Piff paff. Complicated? I think not. Scientists worth their salt can figure this out. Eventually.
Signals
During normal operation, the chemicompiler emits a number of audible cues to provide you feedback. These are as follows:
- ChemiCompiler CCS1000 beeps quietly 2 times.
Beginning of a program.
- ChemiCompiler CCS1000 beeps loudly once.
An operation has failed, probably due to a missing beaker in either sx or tx.
- ChemiCompiler CCS1000 emits a slight humming sound.
Transfer step in a program
- ChemiCompiler CCS1000 clicks.
Heating step in a program, once each for the beginning and end.
- ChemiCompiler CCS1000 beeps quietly once.
The program has finished running and the machine is idle.
The sprite will animate while the machine is running, and it will also provide the normal chemical reaction messages if they occur.
Guide to Making Chemcompiler Programs/Reactions
The Chemcompiler seems arcane, and almost useless at first glance. But imagine a cocktail like this:
25 Fluorosulfuric acid 24 Phlogiston 24 Dark Matter 12 Smoke Powder 12 Fluorosurfactant 3 Plasma
It's a bomb, it's a face-eater, it's a fireball. It's everything, and it will kill you dead in seconds with a drop - I know, I've tested it on myself after testing it on monkeys. I dunno, or maybe it sucks, but I like it :<
Using the chemcompiler, I will show you how to systematically create the beginnings of this mixture (or blow you to hell, if you didn't load the beakers right), and hopefully give you some idea what the hell it's about.
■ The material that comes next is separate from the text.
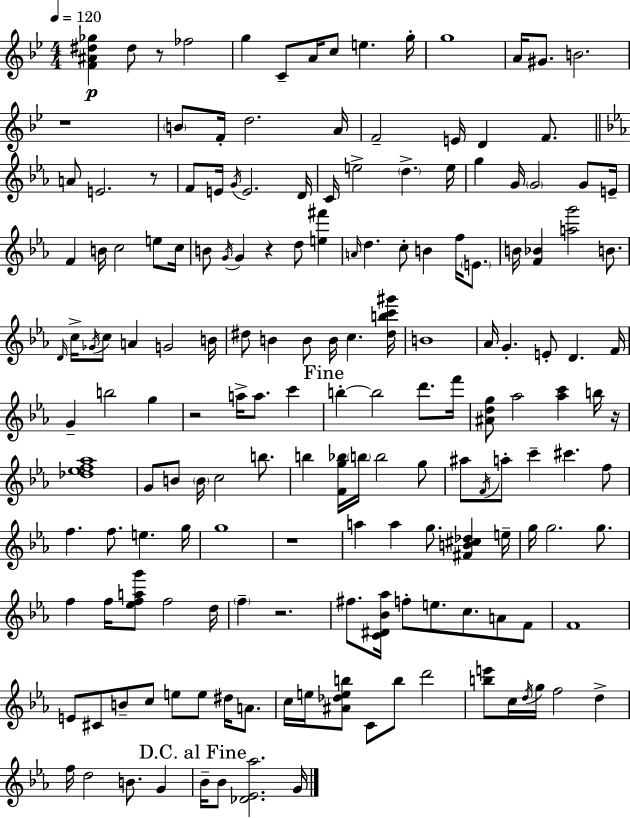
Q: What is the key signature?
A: G minor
If you use this guide, a fair payment would be giving me all your programs/plans so that I can murder myself more effectively.
Initial steps and planning
In order to make a coherent ChemCompiler program, you first need to have a plan for every step of your reaction. A lot can go wrong. But if you follow things through systematically, you might be ok.
'ΤΗΕ Ρ⌊ΔΝ ¦ς Α§ ΙΜΡΩℜΘΑΝΘ Ας ⊥Η∃ ϖℜœℑ®αΜΜìñϑ∴', though neither is as important as wasting time on the internet. Do not neglect your plan. We will actually code alongside it - it will be our comments and our test data every step of the way.
Let's do something simple first: Sulfuric acid into Fluorosulphuric Acid. It's sulfuric acid, fluorine, hydrogen, and potassium in equal quantities. It also needs to be heated up to 374 degrees. Sulfuric needs sulfur, oxygen, and hydrogen. Obviously we need to make that first. Also, when working with the chemcompiler, you need to respect the amount available to you in each beaker as well as (and this is my approach, not necessarily the best one) the amount of room left in the final output beaker. So we document all of that to ensure a clean reaction and help with testing later.
I start it out looking like like this:
Sulfur 50/50 Oxygen 50/50 Hydrogen 50/50 (2x) Fluorine 50/50 Potassium 50/50 Mixdown 0/100
Note that I marked what is used twice in the reaction - you should do this so that you know, later, which ones are best to double up a beaker with, because you only have 10 slots, and for complicated reaction chains you run dry fast.
Let's say we want that final mixdown beaker to be 3/4s full of fluorosulphuric acid in the end. We know that we need four components to make it, so we'll need 1/4 of it full of sulfuric. But sulfuric has 3 components! We'd end up needed 12.5 of sulfur, oxygen, and hydrogen. No good. What we can do instead is make more than what we need, and put it into a buffer mix. That's not a great solution for more complex reactions, but it's worth remembering as a fix, because residual chemicals suck. The buffer can be emptied at any time in the ChemCompiler using a few simple operations.
Sulfuric
Our new setup looks like this
Sulfur 50/50 Oxygen 50/50 Hydrogen 50/50 (2x) Fluorine 50/50 Potassium 50/50 Buffer 0/50 Mixdown 0/100
So now we know we need:
13 sulfur 13 oxygen 13 hydrogen Into buffer works out to 26, so 25 into mixdown
We want to keep track of these changes, because running out of something is potentially dangerous
Sulfur 37/50 Oxygen 37/50 Hydrogen 37/50 (2x) Fluorine 50/50 Potassium 50/50 Buffer 1/50 (sulfuric acid) Mixdown 25/100 (sulfuric acid)
Into fluorosulfuric
Now we move on to the final mix. We already have the sulfuric acid ready, so we need
25 fluorine 25 hydrogen 25 potassium Sulfur 37/50 Oxygen 37/50 Hydrogen 12/50 (2x) Fluorine 25/50 Potassium 25/50 Buffer 1/50 (sulfuric acid) Mixdown 100/100 (25 sulfuric acid, 25 fluorine, 25 hydrogen, 25 potassium)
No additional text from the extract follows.